So one way that Lulu does this is by having uniform stores.
So Lou Lemon stores are all laid out very similarly.
They have kind of a distinct vibe to them and they express a higher end product.
So if you step into a store, you'll feel it yourself.
You know, it's just, it's a really high quality experience.
It's really clean.
Everything is displayed in a really nice way.
And you can tell that they put work into making it look the way that they make it look.
And then, yeah, so, you know, when you shop at Lou Lemon, I've been to, of course, a whole
bunch in Vancouver. I went to the one in New York. I know the experience was the same. It looks the
same. You know, the customer service is the same. And only businesses that are selling its own product
can really offer this advantage. If you look at Nike, for instance, if you were to go into a foot
locker when they were holding their stuff versus, you know, a champs or a Nike store,
chances are that your customer experience is going to be different.
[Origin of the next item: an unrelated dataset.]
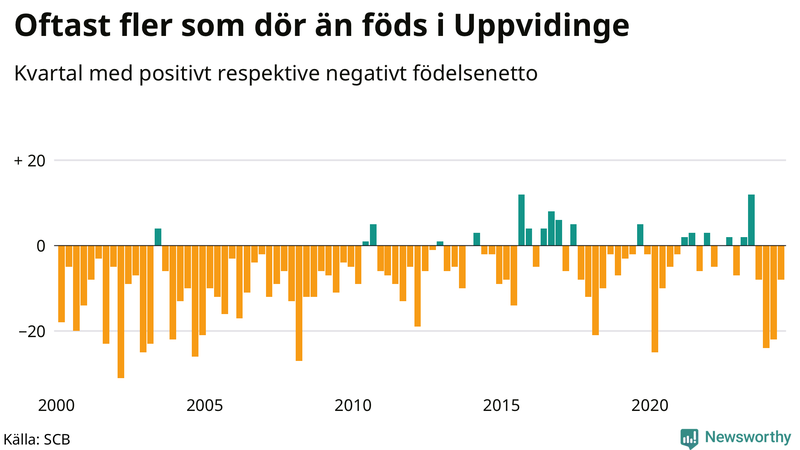 Nettofödelsetal i Uppvidinge per kvartal sedan 2000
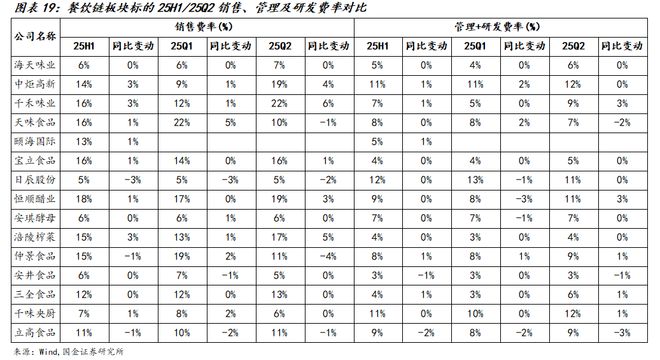 025中报总结：需求持续承压龙头凸显韧性麻将胡了app国金食饮刘宸倩丨大众品2(图10)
And that kind of changes the way that
your brand is seen in customer's eyes. So one comment I had on margin improvement is that part of the
reason for the above average margins versus competitors is that Lulu has been growing its e-commerce
business at high rates, which has offered a lot of economic benefits over selling in retail locations.
So we'll be covering this in a little more detail later on.
Let's take a quick break and hear from today's sponsors.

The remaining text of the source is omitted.